Rammentiamo che il "Rapporto sui risultati conseguiti in materia di misure di contrasto all’evasione fiscale e contributiva-anno 2021" che ha fornito le stime del cosiddetto tax gap (la differenza tra gettito teorico e gettito effettivo) relativo alle entrate tributarie e contributive, riporta che nel triennio 2016-2018 (per il quale si dispone di un quadro completo delle valutazioni) si registra un gap complessivo in media di circa 105,9 miliardi di euro, di cui 94,3 miliardi di mancate entrate tributarie e 11,6 miliardi di mancate entrate contributive (i dati sono tratti dalla Relazione sull’economia non osservata e sull’evasione contributiva allegata alla Nadef 2021).
Infine, vale la pena sottolineare che il raggiungimento dell’obiettivo M1C1-121 (Riduzione dell’evasione fiscale come definita dall'indicatore propensione all'evasione) del PNRR prevede che la propensione all'evasione in tutte le imposte (escluse l'IMU e accise), sia inferiore nel 2024 rispetto al 2019 del 15% del valore di riferimento del 2019 e che la stima di riferimento per il 2019 sia inclusa nella Relazione aggiornata del Governo sull'economia sommersa (con uno step intermedio inferiore nel 2023 rispetto al 2019 del 5%) Fonte: Dossier Camera/Senato Nadef 2021.
Da segnalare, inoltre, che il Parlamento si appresta a discutere e votare la legge delega sul fisco approvata dal Governo lo scorso autunno e ora in corso che contiene anche la riforma del catasto, con l'obiettivo di ridurre gli immobili non censiti e di aggiungere il valore di mercato degli stessi.

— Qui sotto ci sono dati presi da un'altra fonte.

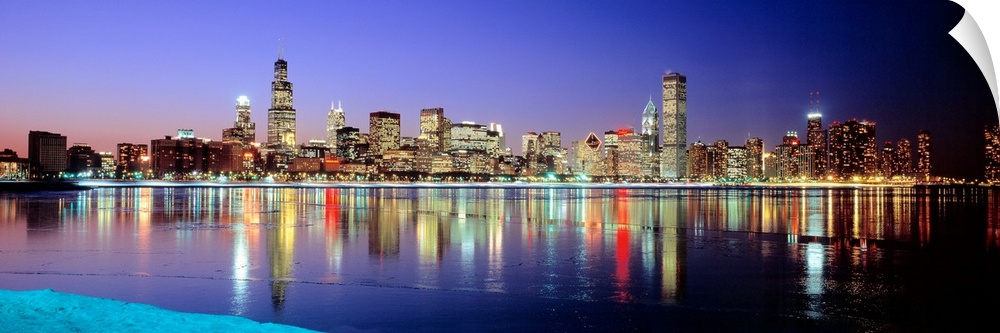 Panoramic photographic canvas of a cityscape illuminated with colored lights reflected perfectly onto the water at dusk.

Gli attuali valori catastali risalgono al biennio 1988-1989. I successivi tentativi di revisione di tali valori, nel 1998, 2005, 2011, 2013 e 2014 non hanno avuto successo.
L' Atto Camera (3343), approvatodal CdM il 5 ottobre 2021 richiede al Governo, per quanto concerne il catasto, di adottare norme volte a:
- ridurre l’abusivismo edilizio, facilitando l’individuazione degli oltre 1,2 milioni di unità immobiliari urbane non censite in catasto (Fonte: Statistiche Catastali 2020”, Agenzia delle Entrate)
- “attribuire a ciascuna unità immobiliare il relativo valore patrimoniale e una rendita attualizzata in base, ove possibile, ai valori normali espressi dal mercato”, prevedendo anche meccanismi di adeguamento periodico di tali voci ai prezzi di mercato (si stima che i proprietari di circa un quarto delle case italiane avrebbero una base imponibile ai fini fiscali pari al 26% del valore di mercato)
Nonostante il testo non preveda che tali valori siano usati per determinare la base imponibile per il pagamento di imposte, sono emerse forti opposizioni dai partiti del centro-destra, anche se l'evidente l’iniquità delle rendite catastali continuerà a comportare un trasferimento della pressione fiscale sulle fasce sociali più deboli.